_Task statement_
No pictures belong in the copy. Retype exactly, and only, the stretch of lines below from the one with "4 Badami Dr, Middletown, NY 10941" through the one with "Right tailgate light".

_Information supplied_
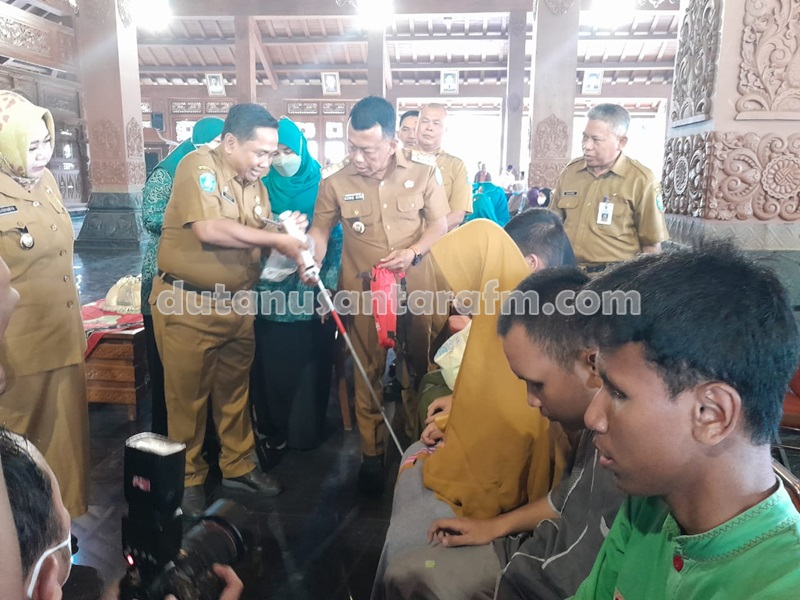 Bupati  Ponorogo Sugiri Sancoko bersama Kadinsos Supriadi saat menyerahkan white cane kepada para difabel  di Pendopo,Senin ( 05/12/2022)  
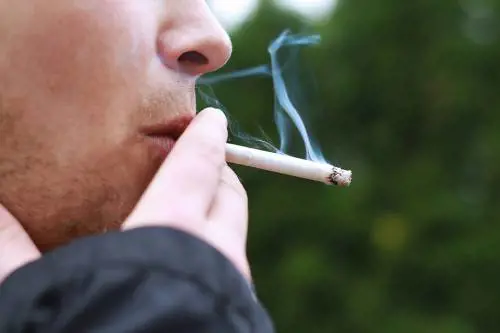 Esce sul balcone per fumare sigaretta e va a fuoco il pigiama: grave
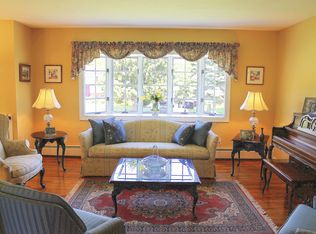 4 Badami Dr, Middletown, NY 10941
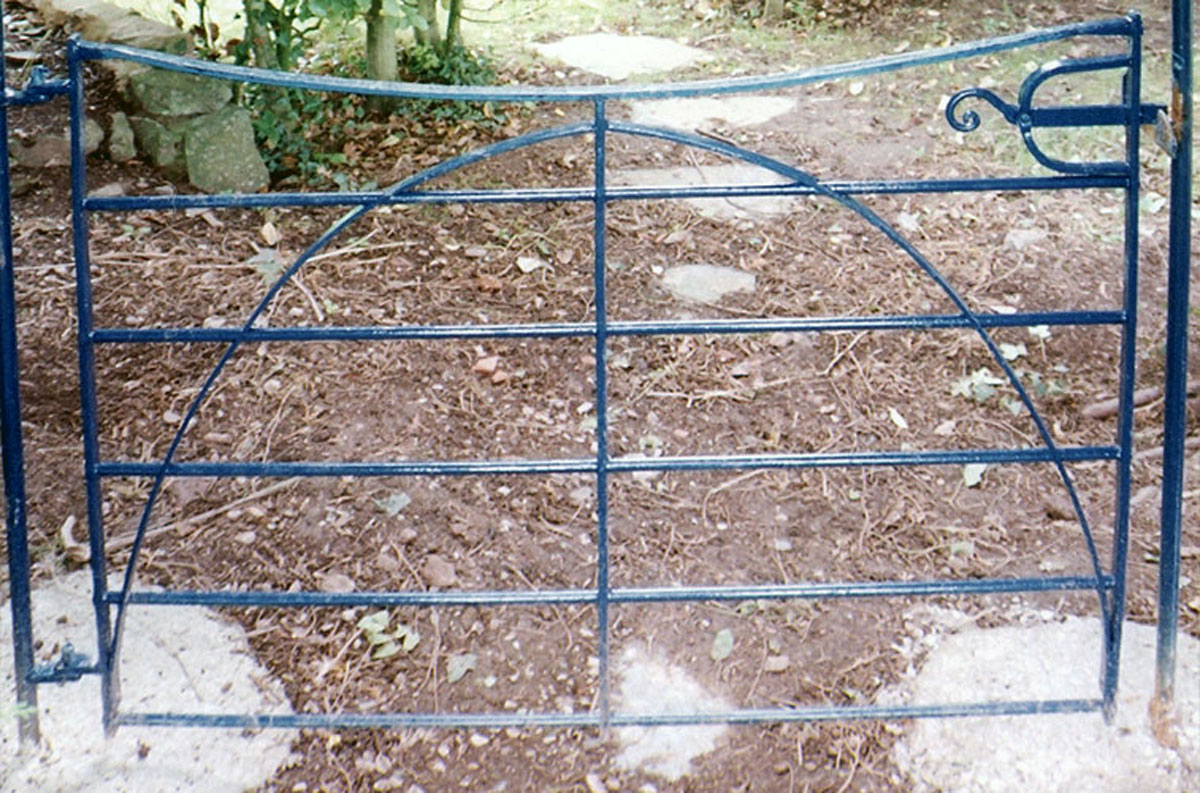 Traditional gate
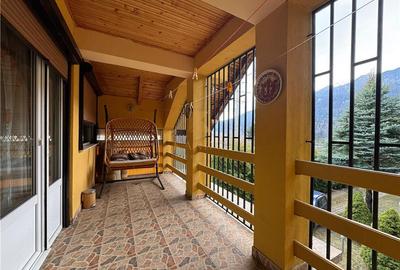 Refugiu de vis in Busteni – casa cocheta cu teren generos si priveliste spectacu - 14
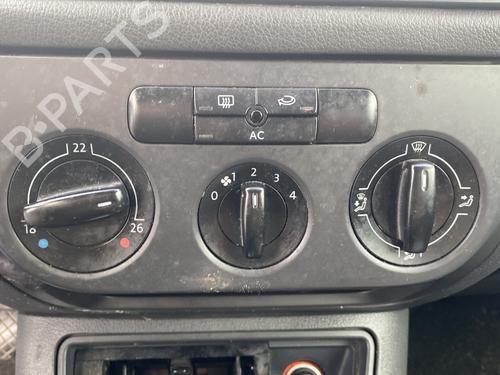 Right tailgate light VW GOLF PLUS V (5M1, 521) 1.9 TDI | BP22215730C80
---
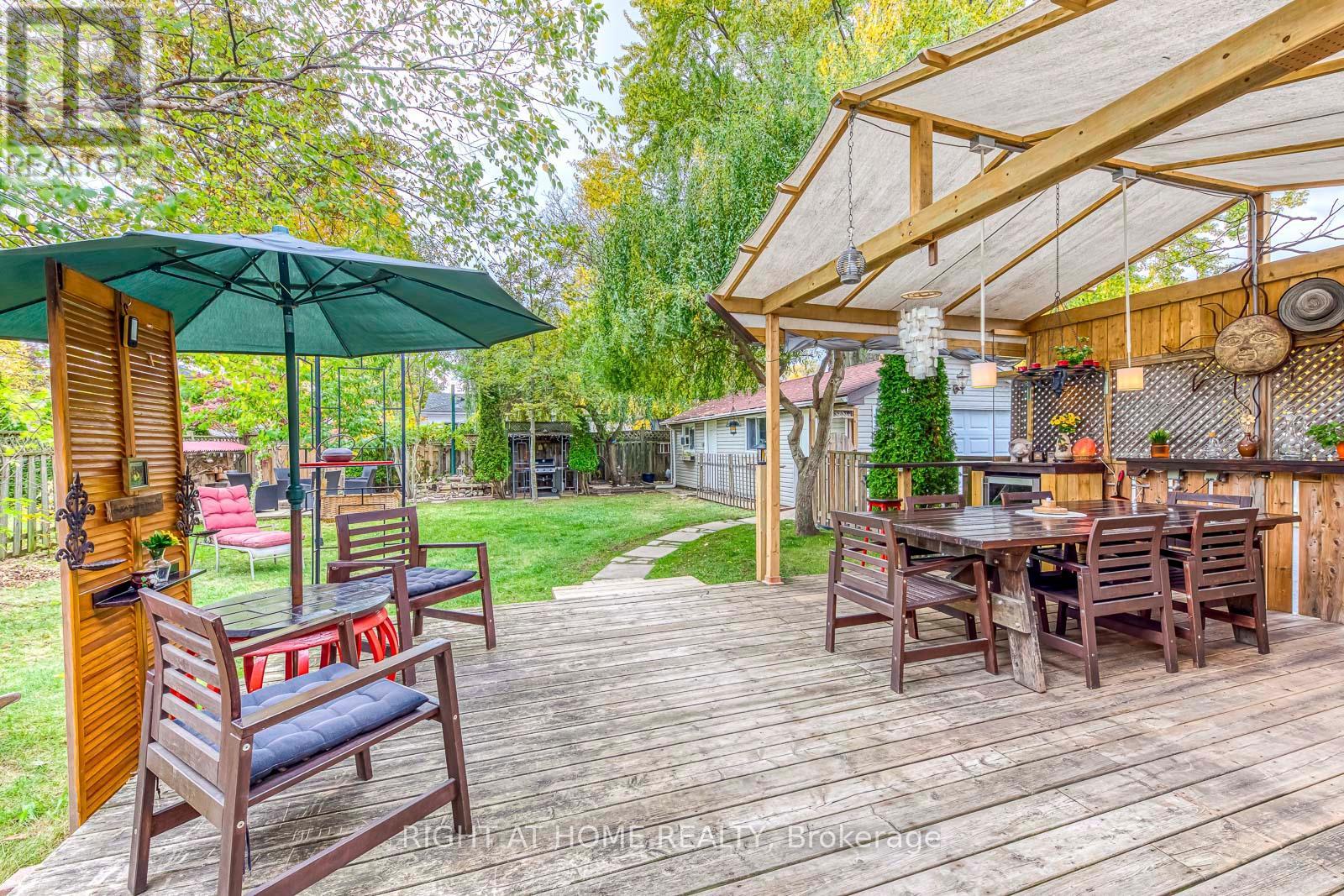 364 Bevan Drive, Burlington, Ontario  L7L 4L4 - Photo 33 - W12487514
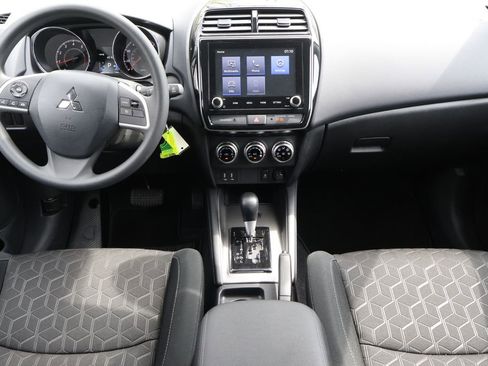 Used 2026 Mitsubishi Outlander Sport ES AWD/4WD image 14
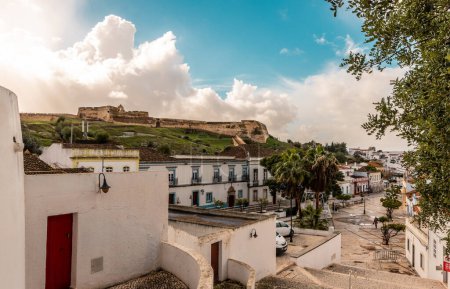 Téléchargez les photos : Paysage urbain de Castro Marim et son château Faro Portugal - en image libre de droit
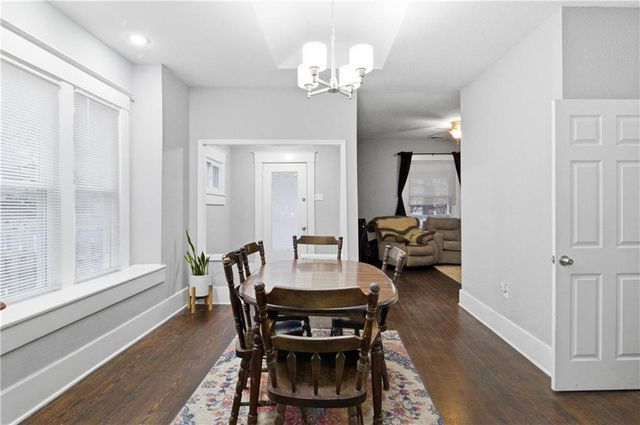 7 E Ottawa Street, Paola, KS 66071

_Task result_
 4 Badami Dr, Middletown, NY 10941
 Traditional gate
 Refugiu de vis in Busteni – casa cocheta cu teren generos si priveliste spectacu - 14
 Right tailgate light VW GOLF PLUS V (5M1, 521) 1.9 TDI | BP22215730C80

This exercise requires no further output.